Souvent on ne retient de Descartes que la fin de son raisonnement : « cogito ergo sum », alors que pour certains de nos patients les prémices ainsi que le raisonnement seraient tout aussi importantes. Cheminons sur ceux-là avec un cas concret :

-       Je crois que le monde n’existe pas, que tout n’est qu’illusion, vous n’existez pas réellement, je n’existe pas réellement.

-       Alors, expliquez-moi, selon vous, qu’est-ce qui existe ?

-       Rien.

-       Alors vous ne pourriez pas penser que rien n’existe.

-       Il existe peut-être quelque chose, mais pas cette réalité.

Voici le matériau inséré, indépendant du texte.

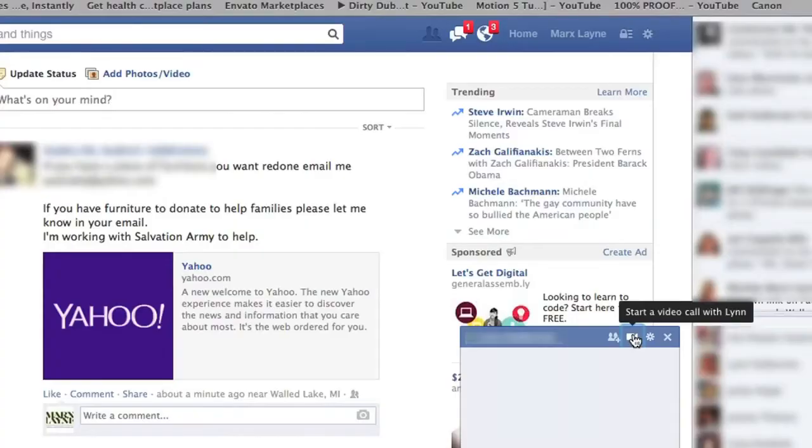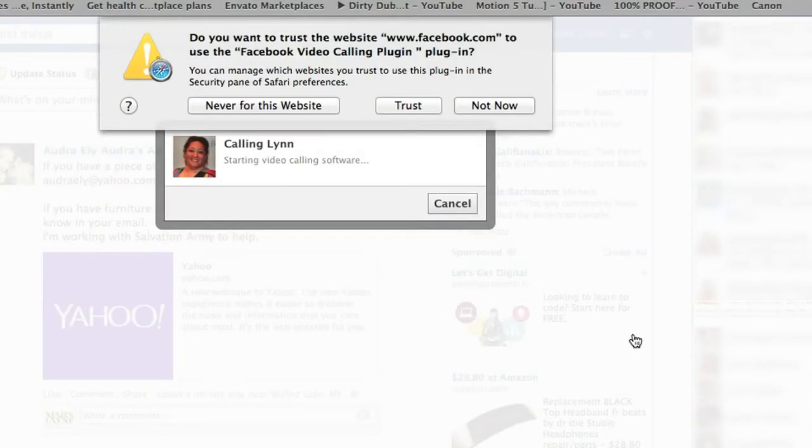If not, if your Facebook account hasn't been updated, you'll get a message and Facebook will want you to install a .exe document. Go ahead — this should be safe, and this will install what you need to go ahead and video chat. Click OK.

-       Quelque chose qui vous ferait croire en cette réalité donc.

-       Quelque chose qui tenterait de me faire croire en cette réalité.

-       Donc vous doutez de votre propre esprit, de vos propres pensées ?

-       Oui.

-       Donc vous doutez vraiment ?

-       Oui.

-       Donc, quelque chose vous fait douter, cette chose qui tente de vous faire croire en cette réalité.

-       Oui.

-       Donc, une chose est certaine, il existe au moins deux choses réelles dans cet univers, celle qui vous fait croire en cette réalité et ce que vous êtes en pensé et qui doute. Vous pensez, donc vous êtes.

-       Sans doute.

-       Vous pouvez donc tout remettre en cause, mais pas votre existence.